Eppure, di fronte all’inimmaginabile, la parola sola non basta. A parlare sono allora anche i volti, su cui la macchina da presa si sofferma con insistenza, quasi a volervi cogliere tutti i più profondi moti dell’animo, o, nel caso dei contadini polacchi, e ancora di più dei nazisti, le tracce di quel non detto che già le loro parole non esitano, a tratti, a rivelare. Ma parlano anche i gesti: i gesti di un tempo (come quello del barbiere che tagliava i capelli agli ebrei prima della loro uccisione, o del macchinista che guidava i “treni della morte”), che Lanzmann chiede di ripetere, di riportare letteralmente in vita, non solo perché essi aiutino il penoso (ma doveroso) sforzo della memoria, ma anche perché contribuiscano a sancire la compenetrazione tra quel tragico passato e il presente della sua testimonianza. Parlano, infine, i luoghi, e parlano paradossalmente proprio nel loro irreale silenzio: niente sembra rimasto di quanto essi hanno visto accadere, eppure, ci rivela Lanzmann, i fantasmi di un passato che non si (deve) dimentica(re) continuano, e continueranno, ad abitarli.

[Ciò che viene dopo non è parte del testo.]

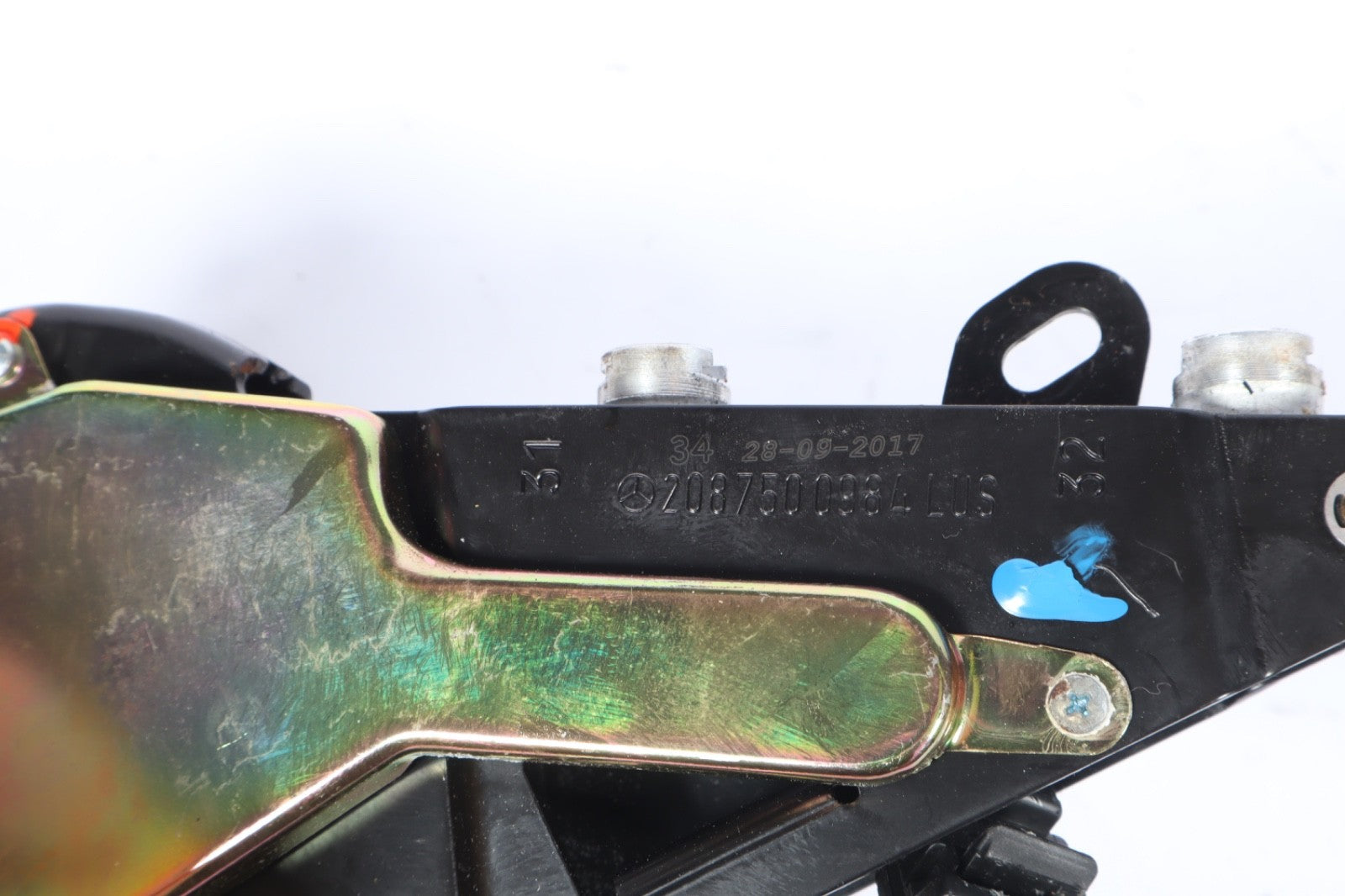 1998 - 2003 Mercedes W208 CLK320 CLK430 Roof Top Hydraulic Lock Latch OEM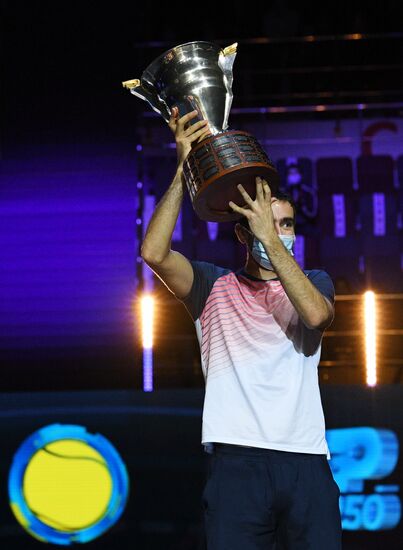 Теннис. St. Petersburg Open. Финалы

Se ogni film sulla Shoah è anche, irrinunciabilmente, una presa di posizione su un evento che ci interroga innanzitutto a livello etico, l’opera di Lanzmann incarna questa dimensione nei suoi esiti più estremi: la forza con cui si impongono allo sguardo, e alla coscienza, le scelte estetiche, poetiche, e dunque morali, che la sostanziano, ne fanno un punto di riferimento non solo nella riflessione sulla rappresentazione cinematografica, o più in generale artistica, dello sterminio nazista, ma anche nel più ampio dibattito socio-culturale. Lanzmann avanza una proposta radicale: una radicalità che può essere condivisa, messa in discussione o rifiutata, ma che in ogni caso solleva dei problemi e pone degli interrogativi che non possono (non devono) essere ignorati.

TITOLO ORIGINALE: Shoah; REGIA: Claude Lanzmann; SCENEGGIATURA: Claude Lanzmann; FOTOGRAFIA: Dominique Chapuis, Jimmy Glasberg, William Lubtchansky; MONTAGGIO: Ziva Postec, Anna Ruiz; PRODUZIONE: Francia; ANNO: 1985; DURATA: 566 min.